Any picture in the data below gets skipped; print all the rest exactly.

#### [Stored data]
☆ ☆ ☆ ☆
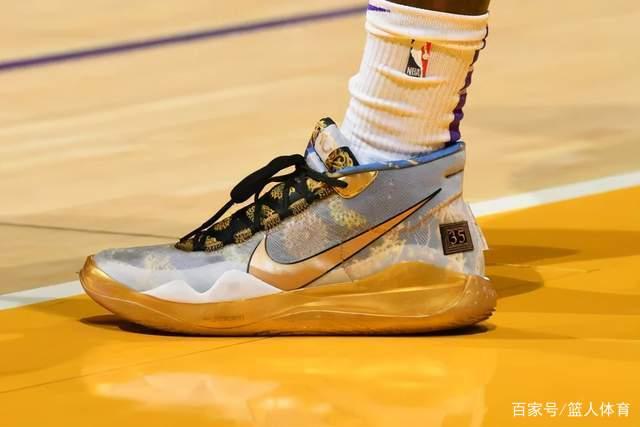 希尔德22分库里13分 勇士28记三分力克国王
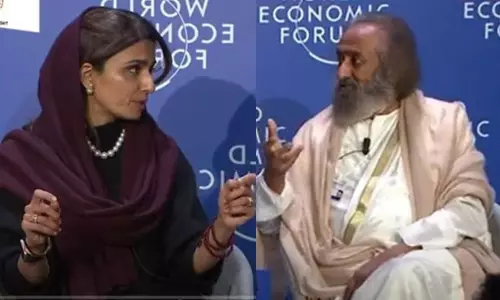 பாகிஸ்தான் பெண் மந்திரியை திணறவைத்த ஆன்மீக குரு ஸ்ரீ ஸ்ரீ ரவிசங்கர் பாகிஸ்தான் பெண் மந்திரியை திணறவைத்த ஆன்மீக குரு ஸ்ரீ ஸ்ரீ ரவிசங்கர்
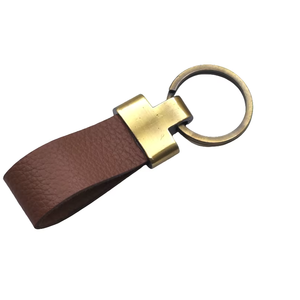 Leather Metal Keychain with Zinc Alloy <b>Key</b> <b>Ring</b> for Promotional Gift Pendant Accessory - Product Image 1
☆ ☆ ☆ ☆
#### [Task response]
 希尔德22分库里13分 勇士28记三分力克国王
 பாகிஸ்தான் பெண் மந்திரியை திணறவைத்த ஆன்மீக குரு ஸ்ரீ ஸ்ரீ ரவிசங்கர் பாகிஸ்தான் பெண் மந்திரியை திணறவைத்த ஆன்மீக குரு ஸ்ரீ ஸ்ரீ ரவிசங்கர்
 Leather Metal Keychain with Zinc Alloy <b>Key</b> <b>Ring</b> for Promotional Gift Pendant Accessory - Product Image 1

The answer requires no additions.